Five buildings in Nairobi seized over rate arrears

What you need to know:

  • The city government, which is owed Sh12 billion, is targeting to squeeze Sh200 million from 150 properties.

  • Tenants of the five buildings will now have to pay rent directly to City Hall until the county recovers its debt.

Nairobi County government has taken control of five buildings within the city’s Central Business District (CBD) to recover rate arrears owed to it.

Four are prime properties on Moi Avenue, one of the CBD’s major roads, while the fifth is on the nearby Tom Mboya Street.

City Hall has also threatened to take over other properties whose owners owe millions in unpaid rates in what it is calling ‘Operation Clampdown’.

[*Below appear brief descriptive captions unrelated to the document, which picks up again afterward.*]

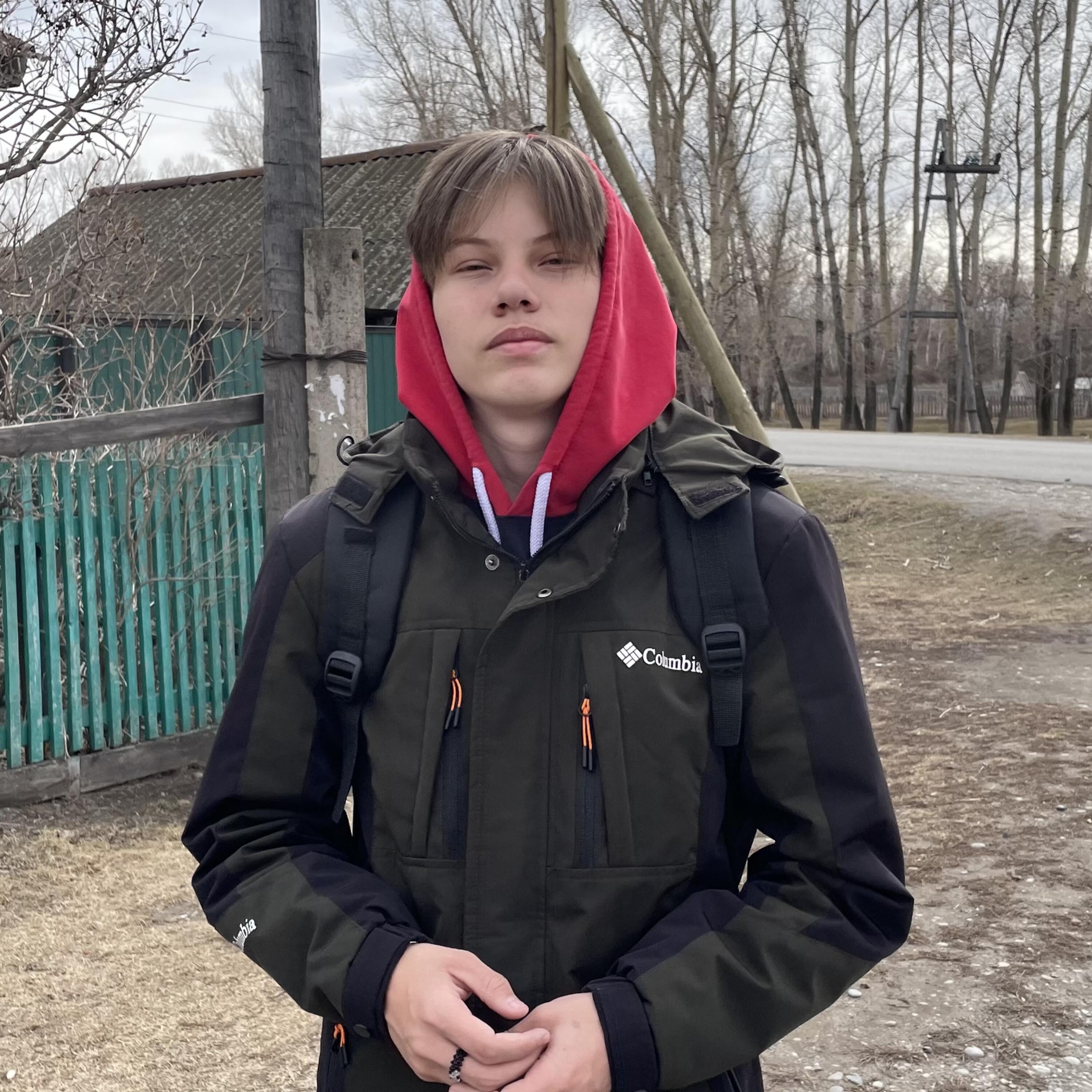 ВАЛЕРОН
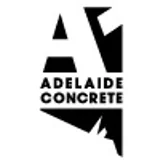 A1 Adelaide Concrete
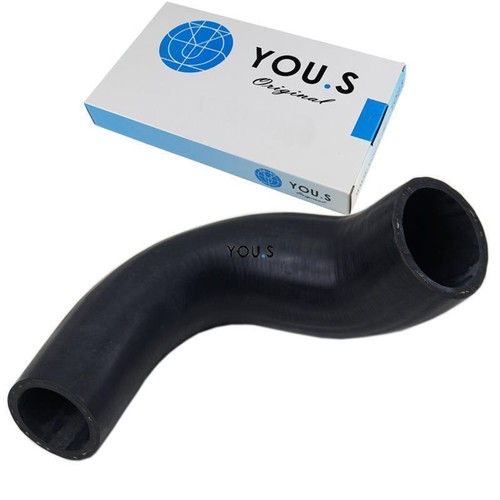 You originale tubo - you.s,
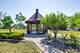 4 Parkside Unit 12, Vernon Hills, IL 60061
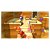 Jogo Super Mario 3D World + Bowser´s  Fury Nintendo Switch - Imagem 5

The government, which is owed Sh12 billion, is targeting to squeeze Sh200 million from 150 properties in the next one month.

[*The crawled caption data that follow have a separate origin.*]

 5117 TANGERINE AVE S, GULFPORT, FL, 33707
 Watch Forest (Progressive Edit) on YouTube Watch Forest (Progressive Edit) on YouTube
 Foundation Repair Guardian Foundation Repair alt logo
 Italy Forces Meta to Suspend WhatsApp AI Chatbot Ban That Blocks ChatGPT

The first casualties are City Printing Works Ltd, Leo Investment Ltd, P&L Investment Ltd and Princely House Ltd, who own premises along Moi Avenue, and Brighton Investment Ltd, which has property on Tom Mboya Street.

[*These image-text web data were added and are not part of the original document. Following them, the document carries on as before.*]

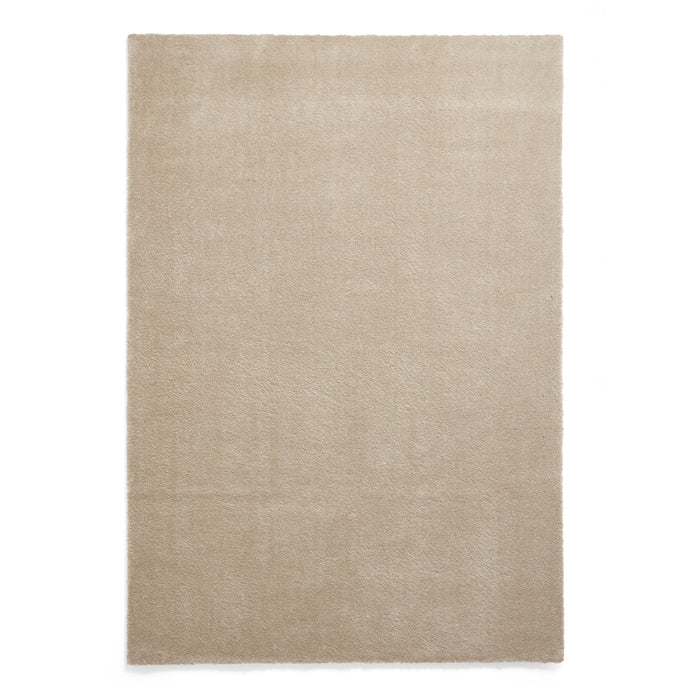 Cove Beige Rugs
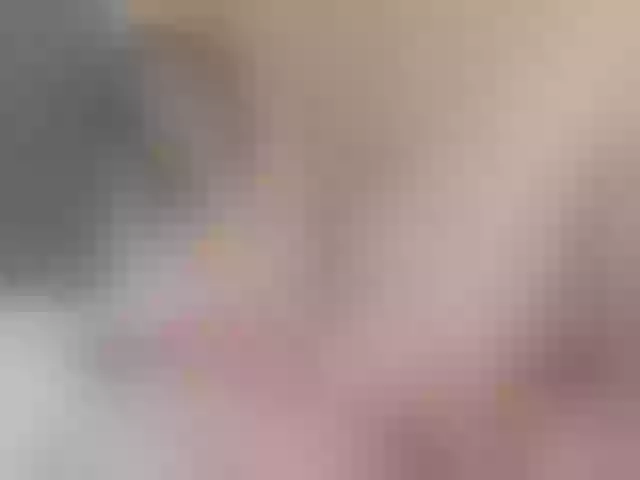 Live sex webcam photo for AliceQueeny #259061920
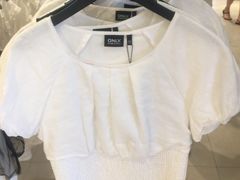 -ONLY(花乡奥特莱斯店)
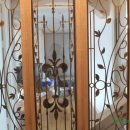 사하구-48 이미지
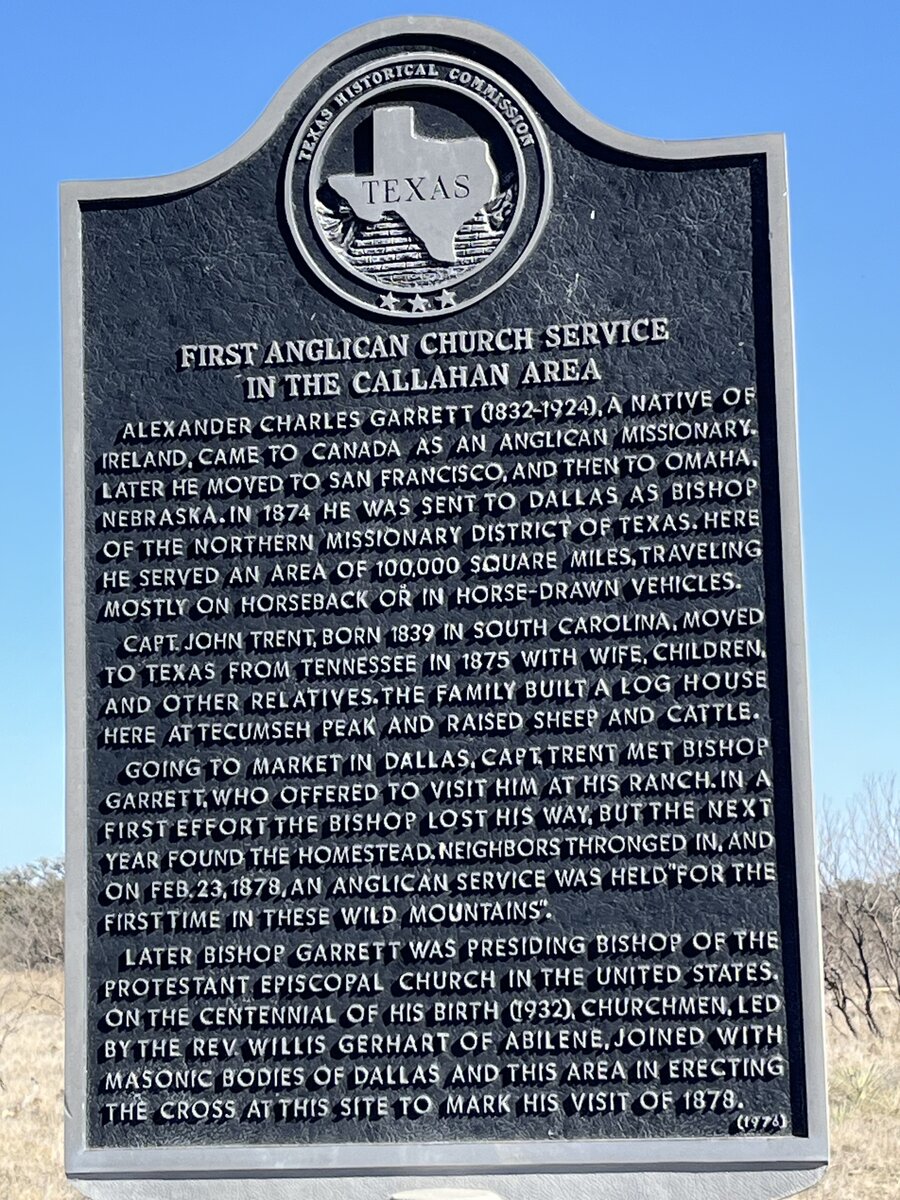 Garrett Monument I.jpg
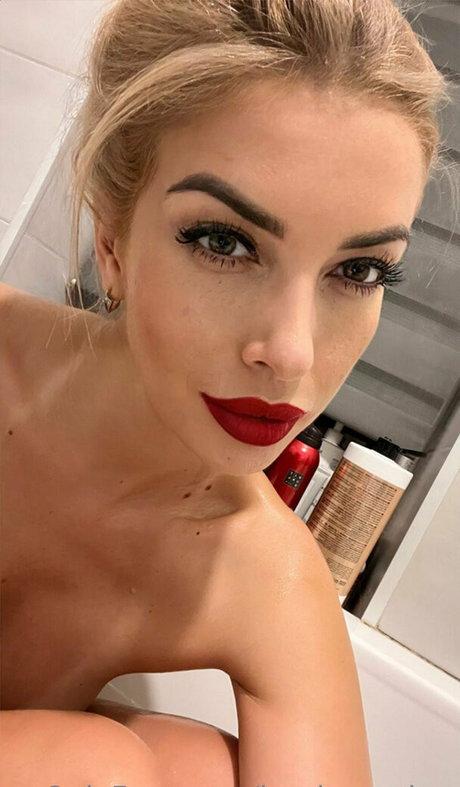 perfect onlyfans free xxx pics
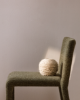 Picture of Evania vase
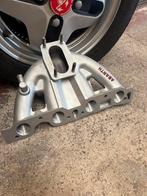 Pipe d’admission fiat ritmo abarth 125tc, Ophalen, Nieuw, Overige automerken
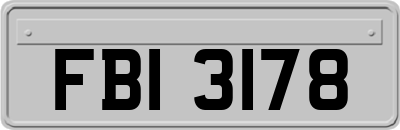 FBI3178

Tenants in their buildings will now have to pay rent directly to City Hall until the county recovers its debt according to the provisions of the Ratings Act. The County will also impose a three per cent interest penalty on the defaulted amounts.

Speaking to journalists yesterday, County Executive Committee Member for Finance Mr Gregory Mwakanongo said the county had given building owners enough time to pay up before resorting to taking over the buildings.

“Last year, we gave property owners up to 90 per cent waivers on accrued interest (and as a result) we collected Sh780 million,” he said.

Mwakanongo stressed that those who refused to pay, even after the waiver expired, were the ones being targeted.

Another operation will be conducted on Thursday morning. The operation will be extended to the outskirts of the city from January next year.

This comes even as a report on revenue and expenditure for the first quarter of the year cast doubt on whether the county will meet its revenue estimates. City Hall collected Sh158 million between July and September, less than five per cent of the Sh3.7 billion targeted for the whole financial year.

Mr Mwakanongo, however, said this was normal as the county expected to raise most of its revenue from rates in December when businesses renew permits.